▸ SOURCE MATERIAL
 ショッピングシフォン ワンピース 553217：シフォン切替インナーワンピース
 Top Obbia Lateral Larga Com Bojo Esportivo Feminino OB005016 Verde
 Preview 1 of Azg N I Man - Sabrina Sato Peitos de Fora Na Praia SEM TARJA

---

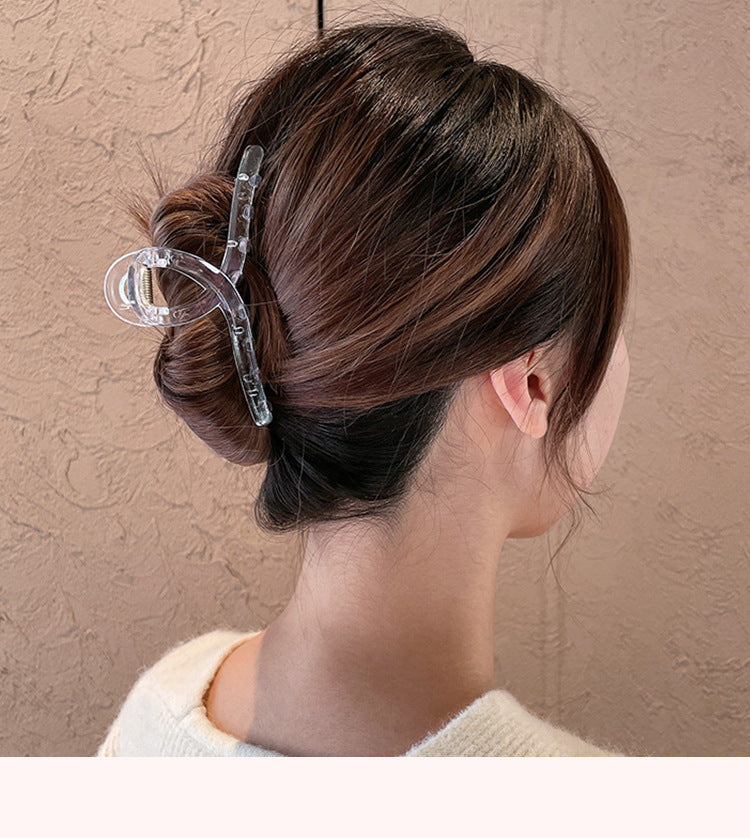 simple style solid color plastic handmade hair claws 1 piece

▸ ABOUT THIS TASK
Of the lines above, retype only those from the line containing "ショッピングシフォン ワンピース 553217：シフォン切替インナーワンピース" through the line containing "Preview 1 of", including both, exactly.

▸ ANSWER TO THIS PROBLEM
 ショッピングシフォン ワンピース 553217：シフォン切替インナーワンピース
 Top Obbia Lateral Larga Com Bojo Esportivo Feminino OB005016 Verde
 Preview 1 of Azg N I Man - Sabrina Sato Peitos de Fora Na Praia SEM TARJA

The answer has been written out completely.